8 de mayo de 2010

La fe en Cristo VIII La religión del escándalo

Tomás Alfaro Drake

El 28 de Marzo publiqué "La fe en Cristo VII; ¿Cristo sí, Iglesia no?". Interrumpí la serie para abordar el tema candente de los casos de pederastia entre algunos sacerdotes. Seguiré con este tema en sucesivas entradas, pero no quiero dejar para más tarde la publicación de la última entrega de esa serie. Ahí va:


Al final de este recorrido para sopesar con la razón lo que las creencias cristianas y la Revelación nos dicen, seguramente nos asalte una duda. Es cierto que cada paso dado, de la mano de la razón, nos hace ver que es lo más razonable creer que Jesucristo es Dios encarnado, tal y como nos lo presentan los evangelios. Pero el final del camino, si se toma en serio el punto de llegada, da vértigo. Dios, el Todopoderoso, el Altísimo, creador del inmenso universo, ¿se ha encarnado realmente en una mujer? ¿Realmente se ha hecho hombre por amor al género humano, por amor a mí? Un ateo recalcitrante, Jean Paul Sartre, lo explica tal vez mejor que muchos creyentes:

“¡Un Dios transformarse en hombre! ¡Que idiotez! No veo qué podría tentarle en nuestra condición humana. Los dioses viven en el cielo, ocupados en gozar de ellos mismos. Y si decidiesen descender entre nosotros, lo harían bajo alguna forma brillante y fugaz, como una nube púrpura o un relámpago. ¿Se cambiaría un Dios en hombre? El todopoderoso, en el seno de su gloria, ¿contemplaría a estas pulgas que pululan sobre la vieja costra de la tierra y que se revuelcan en sus excrementos y diría: quiero ser uno de esos gusanos? No me hagas reír. ¿Un Dios rebajarse a nacer, a vivir nueve meses como una fresa de sangre? [...]. Si un Dios se hubiese hecho hombre por mí, le amaría con exclusión de todos los demás, habría como un lazo de sangre entre él y yo y no tendría suficiente vida para demostrarle mi agradecimiento ”.
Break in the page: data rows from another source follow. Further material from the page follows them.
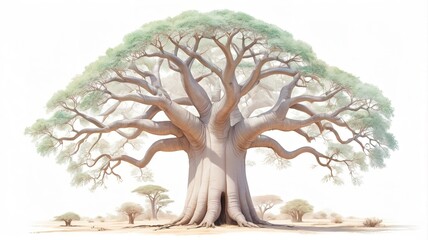 Baobab tree in a stylized design, framed by a nature-inspired background in gentle pastel shades.  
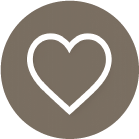Black heart icon on gray background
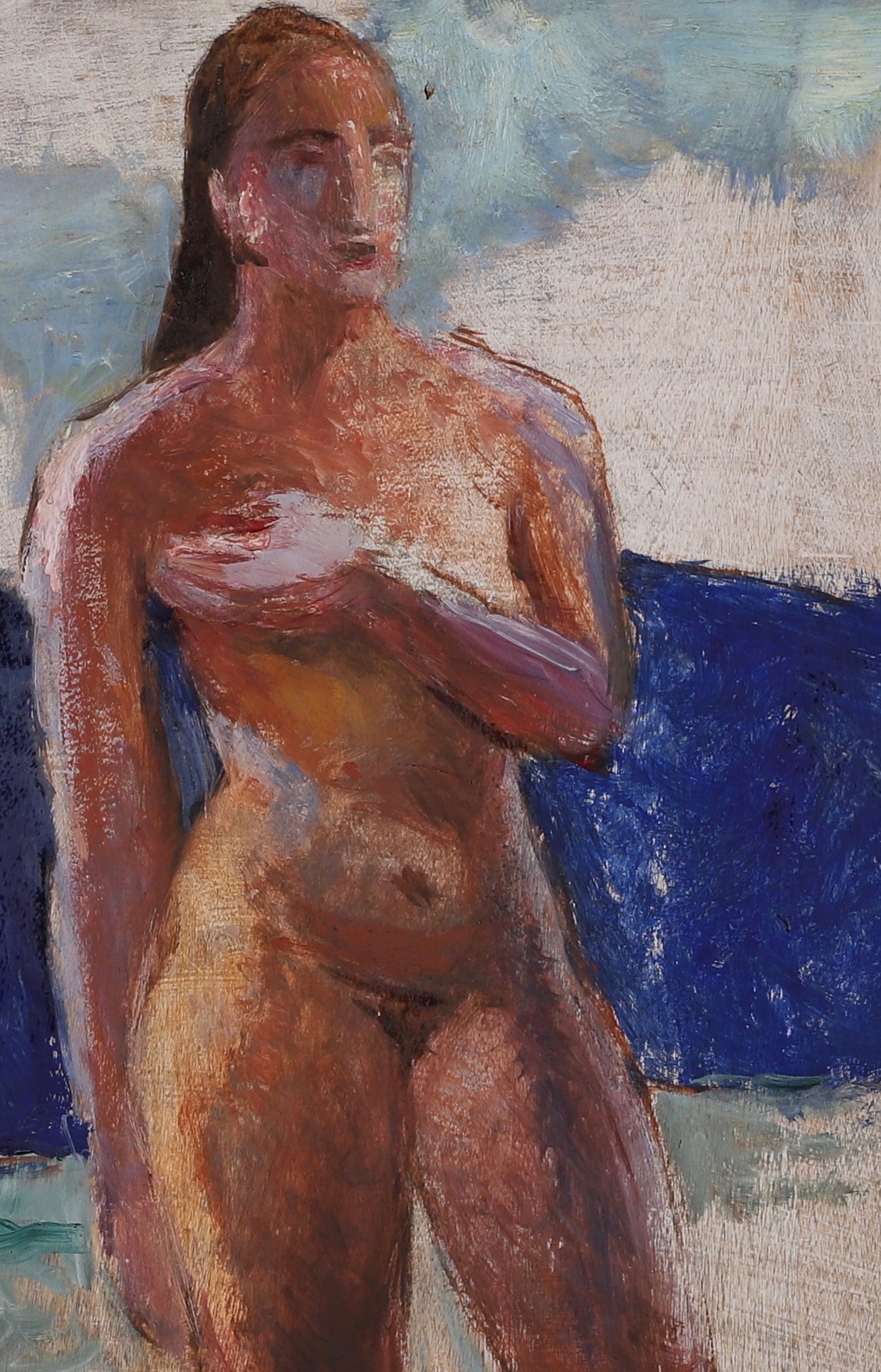 Mid Century Original Figure Oil Painting by I Brazda Sweden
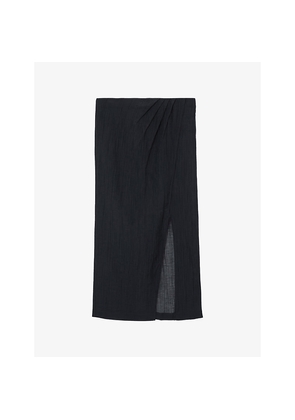Womens Reiss Rosa Wrap-Front Cotton-Blend Maxi Skirt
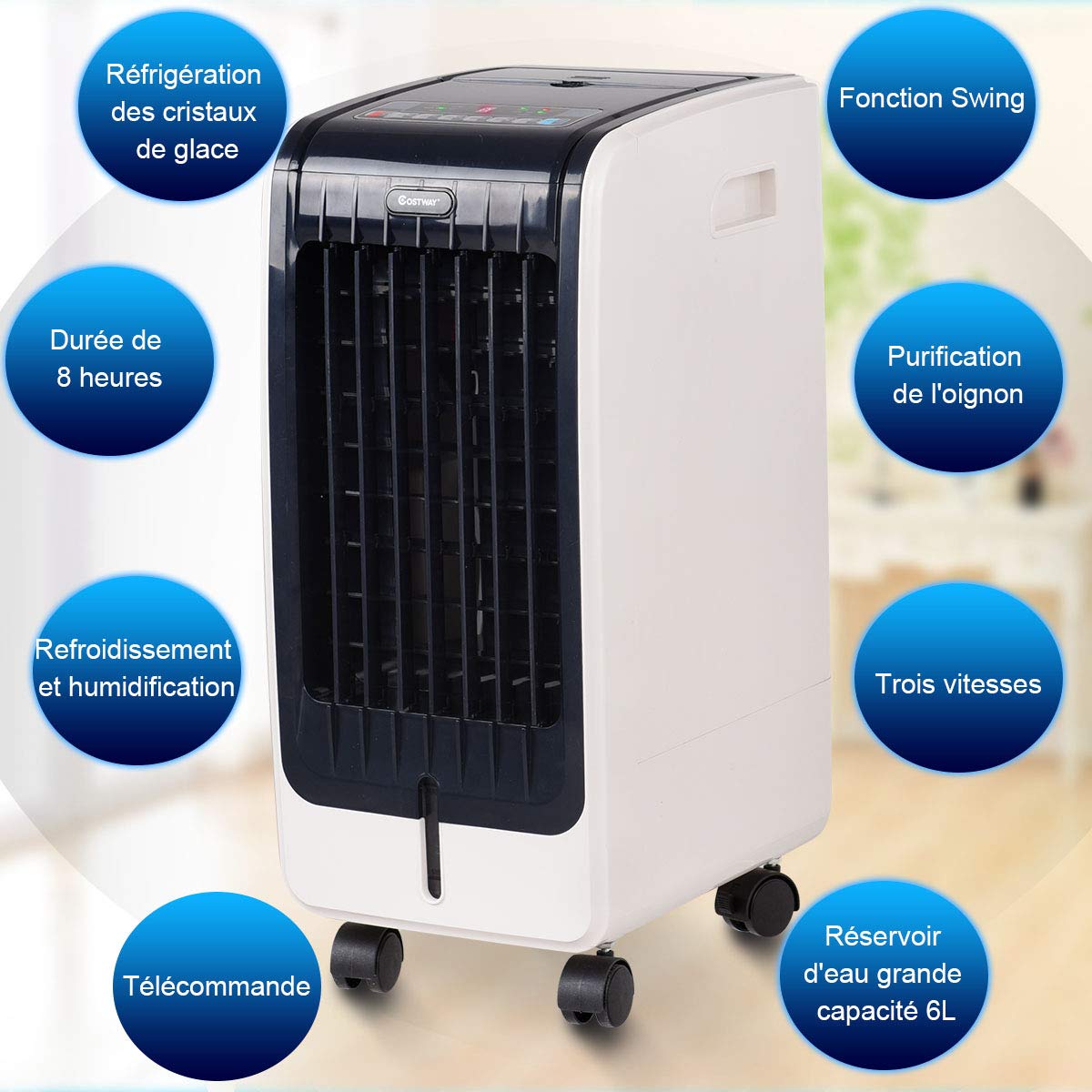 COSTWAY Rafraîchisseur d'Air 4 EN 1, Climatiseur Mobile sans Évacuation 6L, Auto-Oscillation,Refroidissement,Humidificateur,Minuterie 8H,2 Pain de Glace,Mini Climatiseur Faible Conso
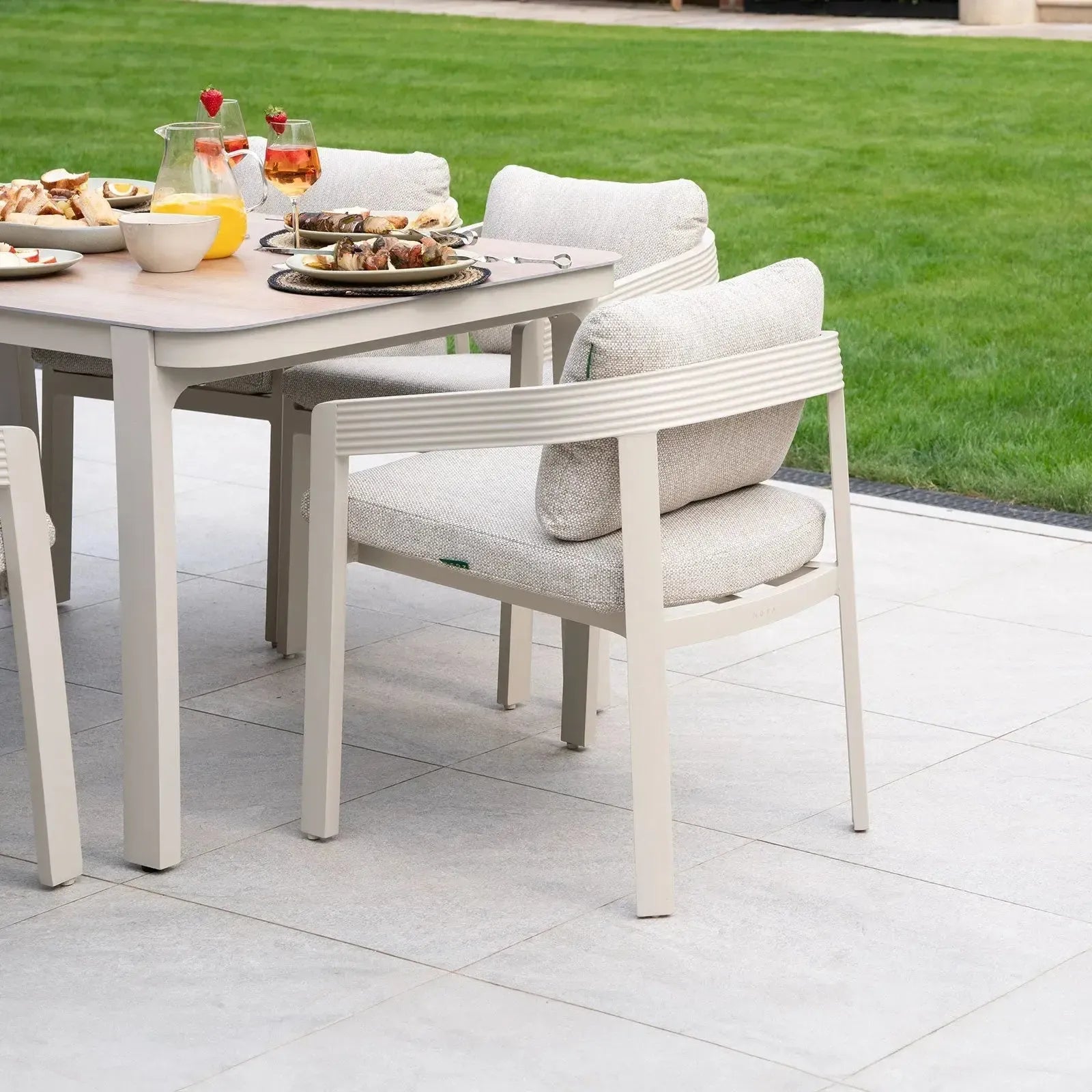 Millie - 6 Seat Rectangular Aluminium Dining Set in Pebble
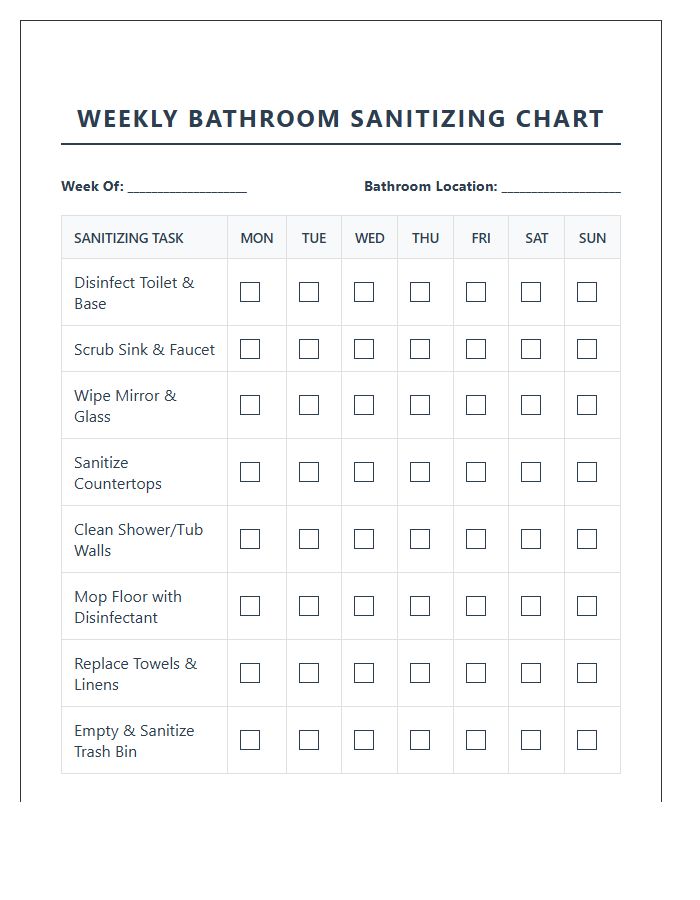 Weekly Bathroom Sanitizing Chore Chart Printable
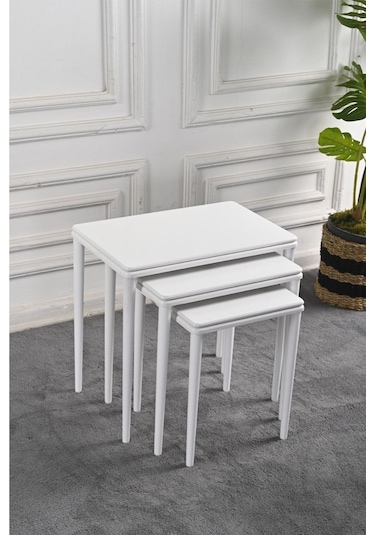 Mdf Ahşap Kaplama Ceviz Çift Kalınlık Eko Düz Ayaklı Cilalı 3'lü Zigon Sehpa Takımı - El Işçiliği - Beyaz-beyaz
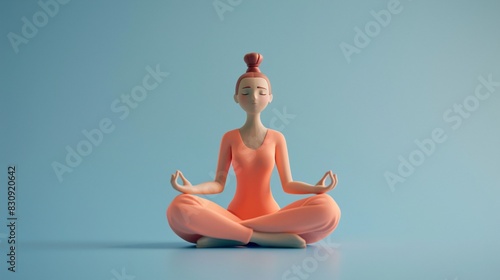 Peaceful 3D illustration of meditation practice with person in yoga pose. Calming, serene environment with pastel colors.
Esa es la contradicción. La razón acepta cada paso, pero el conjunto, el camino total la excede. Porque el razonamiento la lleva a encontrarse de manos a boca con el misterio. El misterio no es algo irracional, que va contra la razón. Es algo suprarracional, que supera la razón. Y si, tras la Encarnación de Dios –no una encarnación en alguien glorioso, sino en un niño pobre de un país remoto y marginal–, nos enfrentamos con la pasión, el vértigo se centuplica. Dios, no sólo no viene bajo alguna forma brillante y fugaz, como una nube púrpura o un relámpago, sino que viene en la pobreza, para vivir una vida dura de hombre y morir ajusticiado. El misterio último es, ¿por qué? ¿Por qué un Dios haría eso por estas pulgas que pululan sobre la vieja costra de la tierra y que se revuelcan en sus excrementos y diría: quiero ser uno de esos gusanos? Y ese misterio sólo tiene una respuesta: el amor. El misterio, aunque sea el final de un razonamiento lógico, no se puede comprender desde la lógica, sólo se puede contemplar con asombro. Einstein –que no era ateo sino un deísta asombrado–, que se acercó al borde del misterio del universo, nos lo explica:

“La experiencia más bella que podemos tener es sentir el misterio [...] En esa emoción fundamental se han basado el verdadero arte y la verdadera ciencia [...] Esa experiencia engendró también la religión [...] percibir que tras lo que podemos experimentar se oculta algo inalcanzable a nuestro espíritu, la razón más profunda y la belleza más radical, que sólo son accesibles de modo indirecto –ese conocimiento y esa emoción es la verdadera religiosidad”.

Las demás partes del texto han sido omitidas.